What is EI and why is it important? Confusion still abates about what is EI, in my coaching I define it as an intelligent system for the processing of emotional information. So EI cuts across the cognitive and emotional systems.

All good coaches use some form of EI in their work and ‘awaken’ the EI of their clients. I prefer to use the following 5 broad subtypes in explaining EI. Each of these components is broken into various subcomponents.

  • The first is intrapersonal intelligence, which is composed of emotional self-awareness, assertiveness, self-regard, self-actualization, and independence.
  • The second is interpersonal intelligence, which comprises empathy, interpersonal relationship, and social responsibility.
  • The third construct is adaptability, which divides into problem solving, reality testing, and flexibility.
  • Fourth is stress management, which comprises stress tolerance and impulse control.
  • The fifth contains measures of general mood, which is composed of happiness and optimism.

So if the above 5 traits do not convince you about the value of EI – what about this – – Emotion is the power that CONNECTS human beings to everything they CARE about! Emotions are among the primary determinants of behavior and achievement at work, impacting upon individual productivity, satisfaction, well being, and social climate.

Emotions are real-time indications of how well we think we are coping with day-to-day challenges and demands. EI provide us with invaluable information about ourselves, other people, and the various dynamic transactions that we share inside our organizations. This information filters through to us because our feelings reflect spontaneous emotional responses to the appraisals and interpretations we make of ongoing events in the workplace. By tapping into the rich information that emotions provide us with, we can often alter our thinking and behavior in such a way as to allow us to negotiate organizational challenges in a more adaptive (and indeed productive) manner.
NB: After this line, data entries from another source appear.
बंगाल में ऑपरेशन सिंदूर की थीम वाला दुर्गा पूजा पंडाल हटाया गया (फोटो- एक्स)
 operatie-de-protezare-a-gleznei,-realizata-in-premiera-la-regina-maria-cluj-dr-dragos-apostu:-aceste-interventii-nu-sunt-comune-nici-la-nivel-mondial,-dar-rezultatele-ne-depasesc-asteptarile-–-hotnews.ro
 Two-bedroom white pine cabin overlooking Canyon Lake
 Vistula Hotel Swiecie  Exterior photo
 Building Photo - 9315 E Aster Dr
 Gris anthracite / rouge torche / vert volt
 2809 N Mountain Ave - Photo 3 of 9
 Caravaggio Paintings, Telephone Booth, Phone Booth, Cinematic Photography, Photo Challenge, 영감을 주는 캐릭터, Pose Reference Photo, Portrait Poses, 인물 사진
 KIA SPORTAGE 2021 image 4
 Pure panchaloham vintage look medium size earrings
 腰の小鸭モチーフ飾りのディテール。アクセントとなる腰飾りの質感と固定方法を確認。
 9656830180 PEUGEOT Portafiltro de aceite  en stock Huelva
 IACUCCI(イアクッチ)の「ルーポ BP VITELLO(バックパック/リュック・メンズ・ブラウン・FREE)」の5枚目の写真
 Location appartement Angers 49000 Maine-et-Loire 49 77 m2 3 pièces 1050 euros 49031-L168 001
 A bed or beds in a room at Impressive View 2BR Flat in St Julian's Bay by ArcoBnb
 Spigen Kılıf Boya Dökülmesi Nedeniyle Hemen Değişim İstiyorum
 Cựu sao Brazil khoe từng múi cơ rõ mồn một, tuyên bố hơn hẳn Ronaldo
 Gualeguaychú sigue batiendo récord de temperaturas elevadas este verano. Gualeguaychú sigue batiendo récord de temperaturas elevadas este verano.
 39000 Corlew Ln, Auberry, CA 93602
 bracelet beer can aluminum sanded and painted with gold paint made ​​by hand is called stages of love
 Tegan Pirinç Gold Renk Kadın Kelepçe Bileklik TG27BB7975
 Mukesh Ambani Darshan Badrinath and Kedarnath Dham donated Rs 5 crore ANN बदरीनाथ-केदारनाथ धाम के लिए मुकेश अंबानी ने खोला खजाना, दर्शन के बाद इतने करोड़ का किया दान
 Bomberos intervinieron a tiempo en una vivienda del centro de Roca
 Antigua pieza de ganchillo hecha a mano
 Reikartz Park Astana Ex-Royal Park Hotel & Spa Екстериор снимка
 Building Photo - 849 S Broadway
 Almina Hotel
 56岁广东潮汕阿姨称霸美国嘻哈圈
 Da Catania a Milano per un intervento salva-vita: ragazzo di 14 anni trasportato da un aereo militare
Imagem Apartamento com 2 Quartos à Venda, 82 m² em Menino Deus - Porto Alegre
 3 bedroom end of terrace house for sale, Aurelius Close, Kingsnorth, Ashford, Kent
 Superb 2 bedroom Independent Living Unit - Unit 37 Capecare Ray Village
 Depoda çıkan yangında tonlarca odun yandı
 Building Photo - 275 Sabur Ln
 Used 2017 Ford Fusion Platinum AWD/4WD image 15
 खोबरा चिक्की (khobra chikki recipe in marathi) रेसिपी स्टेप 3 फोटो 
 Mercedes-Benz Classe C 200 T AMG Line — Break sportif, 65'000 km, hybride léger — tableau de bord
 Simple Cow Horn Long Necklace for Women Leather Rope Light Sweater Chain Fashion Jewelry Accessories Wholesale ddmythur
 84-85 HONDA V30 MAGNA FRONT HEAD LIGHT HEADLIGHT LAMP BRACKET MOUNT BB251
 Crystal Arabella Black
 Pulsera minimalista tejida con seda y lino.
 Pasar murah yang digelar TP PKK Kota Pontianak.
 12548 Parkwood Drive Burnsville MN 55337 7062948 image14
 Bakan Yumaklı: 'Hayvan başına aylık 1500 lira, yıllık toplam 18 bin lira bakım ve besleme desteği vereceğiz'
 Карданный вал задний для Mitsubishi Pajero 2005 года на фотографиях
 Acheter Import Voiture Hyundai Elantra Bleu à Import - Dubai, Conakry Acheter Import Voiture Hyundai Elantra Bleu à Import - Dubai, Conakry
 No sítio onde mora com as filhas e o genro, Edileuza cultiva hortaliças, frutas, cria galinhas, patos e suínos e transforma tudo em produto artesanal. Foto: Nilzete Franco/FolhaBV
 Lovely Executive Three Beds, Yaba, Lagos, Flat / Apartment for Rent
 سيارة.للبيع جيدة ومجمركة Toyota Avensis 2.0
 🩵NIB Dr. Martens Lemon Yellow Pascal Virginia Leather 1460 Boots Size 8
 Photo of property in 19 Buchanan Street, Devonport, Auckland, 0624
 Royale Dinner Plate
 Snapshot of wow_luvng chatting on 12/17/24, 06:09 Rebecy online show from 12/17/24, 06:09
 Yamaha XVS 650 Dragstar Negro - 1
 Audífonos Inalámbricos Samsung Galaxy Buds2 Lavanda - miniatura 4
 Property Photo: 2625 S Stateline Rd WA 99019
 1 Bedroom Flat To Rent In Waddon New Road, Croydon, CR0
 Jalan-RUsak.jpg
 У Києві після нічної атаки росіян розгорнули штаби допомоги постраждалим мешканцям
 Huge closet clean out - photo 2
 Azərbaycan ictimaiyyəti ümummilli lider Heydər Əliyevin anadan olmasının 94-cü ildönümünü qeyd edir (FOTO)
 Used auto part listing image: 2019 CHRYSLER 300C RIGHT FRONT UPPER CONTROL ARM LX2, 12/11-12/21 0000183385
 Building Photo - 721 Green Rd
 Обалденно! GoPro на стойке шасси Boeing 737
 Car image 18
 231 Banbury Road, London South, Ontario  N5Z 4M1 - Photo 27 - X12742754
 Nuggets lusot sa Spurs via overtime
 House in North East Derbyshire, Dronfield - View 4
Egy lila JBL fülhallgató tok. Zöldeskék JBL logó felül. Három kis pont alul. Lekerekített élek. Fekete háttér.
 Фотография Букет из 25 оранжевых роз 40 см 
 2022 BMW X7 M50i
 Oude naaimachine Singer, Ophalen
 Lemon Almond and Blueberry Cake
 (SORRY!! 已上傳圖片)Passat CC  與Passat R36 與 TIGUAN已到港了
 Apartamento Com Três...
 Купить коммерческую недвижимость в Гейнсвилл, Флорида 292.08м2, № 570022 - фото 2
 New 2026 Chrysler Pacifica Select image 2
One aspect of EI is Empathy (a subset of interpersonal skills). Empathy refers to the awareness of other’s feelings, needs, and concerns. At the individual level, empathy is a person’s ability to sense and understand other people’s feelings, concerns, and perspectives.

Empathy also implies taking active interest in other individuals’ concerns and feelings, and responding to other individuals’ unspoken feelings. In other words, when we are emotionally in tune, we can put aside our own personal agendas for some period, in order to be receptive to other people’s signals.

Empathy is essential as an emotional guidance system, piloting us in getting along at work, it is a meaningful predictor of quality performance in the job environment. According to scientific reserach individuals high in empathy are more capable of relating to other group members within a professional organization (Williams & Sternberg, 1988). In addition, the ability to empathize with others and relate to the feelings of others may play a role in the formulation of superior goals, plans, and strategies.

Empathic ability is particularly important when the problems to be solved
require reconciliation of conflicting opinions in a manner that is acceptable
to diverse people working within an organization.

So if thought of as the equivalent of a ‘‘social radar,’’ empathy is crucial for success in the business world. We know it is important to listen empathically to the customer’s point of view and to see reality from their perspective.

Furthermore, empathy is a critical component of conflict resolution and negotiation skills. The best negotiators can sense which points matter
most to the other party and gracefully concede them, while pressing for
concessions in points that do not carry such emotional relevance to the other party.

I am often asked can EI be learned and the short answer is YES. People can be trained on the ability to accurately read the subtle social cues and
signals given by others. In so doing, these individuals can accurately determine the emotions being expressed by their colleagues and learn to understand the perspective taken by others with whom they interact.

So as you can see EI and empathy in particular is a crucial skill – indeed I would go as far as to venture that people skills are the one skill that we must all learn for all aspects of our lives.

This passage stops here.